Whilst even before the state of Israel was reborn antisemitic demagogues like Henry Ford and Father Charles Coughlin characterized American Jews as disloyal “fifth columnists” who were pushing the U.S. to war for financial reasons, even after the war any temporary post-Holocaust taboos on the imputation of such malevolence to Jews soon were eroded. 

Paul Findley, a former U.S. Congressman whose book They Dare to Speak Out, an attack on the ‘pernicious’ influence of the “Israel lobby,” became a bestseller in 1985.  And, a couple of decades later academics considered to be foreign policy “realists”, Stephen Walt and John Mearsheimer, became popular within anti-Zionist circles after their publication of ‘The Israel Lobby and US Foreign Policy’.  The book warned of the “stranglehold” which the Israel “Lobby” exercises over Congress; of their “manipulation of the media” and efforts to “squelch debate”.  They also argued that the 2003 Iraq war wouldn’t have been possible without the influence of Israel and the American Israel lobby.
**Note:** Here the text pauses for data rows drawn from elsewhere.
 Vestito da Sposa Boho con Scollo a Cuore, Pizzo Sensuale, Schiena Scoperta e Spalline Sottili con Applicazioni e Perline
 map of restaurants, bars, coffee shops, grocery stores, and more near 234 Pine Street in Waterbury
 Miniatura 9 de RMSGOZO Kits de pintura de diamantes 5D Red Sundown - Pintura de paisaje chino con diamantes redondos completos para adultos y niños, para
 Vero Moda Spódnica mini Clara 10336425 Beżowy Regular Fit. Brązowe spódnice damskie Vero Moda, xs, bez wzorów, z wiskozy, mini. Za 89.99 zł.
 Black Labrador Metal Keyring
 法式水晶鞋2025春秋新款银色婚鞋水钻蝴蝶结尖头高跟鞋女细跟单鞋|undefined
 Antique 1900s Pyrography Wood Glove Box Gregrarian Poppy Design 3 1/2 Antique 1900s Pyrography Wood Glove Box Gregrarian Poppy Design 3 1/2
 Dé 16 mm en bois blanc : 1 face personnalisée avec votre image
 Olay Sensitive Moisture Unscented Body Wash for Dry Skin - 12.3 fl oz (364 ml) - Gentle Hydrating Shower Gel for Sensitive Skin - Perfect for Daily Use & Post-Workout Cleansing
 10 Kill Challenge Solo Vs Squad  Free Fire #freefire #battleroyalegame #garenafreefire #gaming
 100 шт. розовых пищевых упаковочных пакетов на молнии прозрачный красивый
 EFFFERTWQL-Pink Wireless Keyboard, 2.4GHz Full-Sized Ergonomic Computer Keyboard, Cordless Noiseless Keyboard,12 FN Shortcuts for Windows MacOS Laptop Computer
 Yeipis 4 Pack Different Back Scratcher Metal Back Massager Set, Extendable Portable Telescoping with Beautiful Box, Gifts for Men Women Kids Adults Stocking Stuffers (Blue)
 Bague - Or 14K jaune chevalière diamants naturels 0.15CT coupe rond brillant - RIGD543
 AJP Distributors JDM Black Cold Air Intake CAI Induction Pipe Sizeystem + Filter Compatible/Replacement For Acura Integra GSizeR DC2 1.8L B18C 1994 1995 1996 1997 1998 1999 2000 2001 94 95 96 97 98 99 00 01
While paleoconservative commentators in the mid to late 2000s have unsurprisingly also championed this narrative – Pat Buchanan wrote in 2008 that “Israel and its Fifth Column in [Washington , DC] seek to stampede us into war with Iran” – some liberal columnists have engaged in similar rhetoric.  For instance, columnist Joe Klein asserted in his TIME blog that Jewish neoconservatives “plumped” for the war in Iraq and are now doing the same for “an even more foolish assault on Iran” with the goal of making the world “safe for Israel.”  

Additionally, Guardian contributors have advanced the specious claim that Israel, or the Israel lobby, are primarily responsible for US sanctions against Iran, and represent a powerful and dangerous force pushing the US to outright war against the Islamic Republic. Such narratives, with varying degrees of explicitness, have been advanced by, among other CiF contributors, veteran Guardian journalists Simon Tisdall and Simon Jenkins, and the paper’s associate editor, Seumas Milne.  And, of course, Glenn Greenwald has been the most explicit promoter of the ‘Jewish necon’ cabal to take the country to war against Iran’ meme, arguing the following at his previous blog at Salon.com in 2007.

It is simply true that there are large and extremely influential Jewish donor groups which are agitating for a U.S. war against Iran, and that is the case because those groups are devoted to promoting Israel’s interests and they perceive it to be in Israel’s interests for the U.S. to militarily confront Iran.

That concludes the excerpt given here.